Publication Date


Document Type

Doctoral Dissertation

Academic Program

Interdisciplinary Graduate Program


Biochemistry and Molecular Pharmacology

First Thesis Advisor

Zuoshang Xu, MD, PhD


Amyotrophic Lateral Sclerosis, DNA-Binding Proteins, Armadillo Domain Proteins, Drosophila Gudu protein, Drosophila Proteins, Spermatogenesis


Dissertations, UMMS; Amyotrophic Lateral Sclerosis; DNA-Binding Proteins; Armadillo Domain Proteins; Gudu protein, Drosophila; Drosophila Proteins; Spermatogenesis


Amyotrophic Lateral Sclerosis (ALS) is an adult-onset progressive neurodegenerative disease that causes degeneration in both upper and lower motor neurons. ALS progresses relentlessly after the onset of the disease, with most patients die within 3-5 years of diagnosis, largely due to respiratory failure. Since SOD1 became the first gene whose mutations were associated with ALS in 1993, more than 17 ALS causative genes have been identified. Among them, TAR DNA-binding protein (TARDBP) lies in the central of ALS pathology mechanism study, because TDP43 proteinopathy is observed not only in familial ALS cases carrying TARDBP mutations, but also in most of the sporadic ALS cases, which account for 90% of the whole ALS population. Several TDP43 overexpression mouse models have been successfully generated to study the gain-of-toxicity mechanism of TDP43 in ALS development, while the investigation of loss-of-function mechanism which could also contribute to ALS still awaits a proper mouse model. The major difficulty in generating TARDBP knock out mouse model lies in the fact that TARDBP is a development essential gene and complete depletion of TDP43 function causes embryonic lethality.

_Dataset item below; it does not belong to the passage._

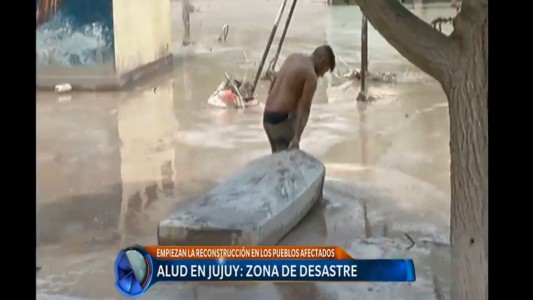 Comienzan a regresar a sus casas los pobladores afectados por el alud en Jujuy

In chapter I, I reviewed the recent advances in ALS study. Emphasis was given to ALS mouse models, especially TARDBP ALS mouse model.

In Chapter II, I made a Tet-responsive construct that contains mCherry, a fluorescent protein, as an indicator for the expression of the artificial miRNA (amiTDP) residing in the 3’UTR of mCherry and targeting TARDBP. The construct was tested in NSC34 cells and TRE-mCherry-amiTDP43 transgenic mouse was generated with this construct. Crossing TRE-mCherry-amiTDP43 mouse with mPrp-tTA mouse, mCherry expression was successfully induced in mouse forebrain and cerebellum, but not in other tissues including spinal cord. By quantitative real-time PCR, amiTDP43 expression was confirmed to be coupled with mCherry expression. Fluorescent immunostaining revealed that mCherry was expressed in neurons, but not in astrocytes or microglia cells, and that in mCherry positive cells, TDP43 was significantly knocked down. Results from Nissl staining and GFAP immunostaining suggested that decrease of TDP43 in forebrain neuron only was not sufficient to cause neurodegeneration and neuron loss.

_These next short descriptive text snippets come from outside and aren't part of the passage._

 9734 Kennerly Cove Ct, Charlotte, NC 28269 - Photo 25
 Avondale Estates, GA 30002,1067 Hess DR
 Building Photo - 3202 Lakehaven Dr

In chapter III, I investigated the function of Armadillo Containing Protein 4 (ARMC4), which was originally considered ALS causative gene. Our study of the function of CG5155, the possible homolog of ARMC4 in Drosophila, indicated that CG5155 is a male fertility gene that is involved in spermatogenesis. Therefore, we have named this gene Gudu. The transcript of Gudu is highly enriched in adult testes. Knockdown of Gudu by a ubiquitous driver leads to defects in the formation of the individualization complex that is required for spermatid maturation, thereby impairing spermatogenesis. Furthermore, testis-specific knockdown of Gudu by crossing the RNAi lines with Bam-Gal4 driver is sufficient to cause the infertility and defective spermatogenesis. Since Gudu is highly homologous to vertebrate ARMC4, also an Armadillo-repeat-containing protein enriched in testes, our results suggest that Gudu and ARMC4 is a subfamily of Armadillo-repeat containing proteins with an evolutionarily conserved function in spermatogenesis.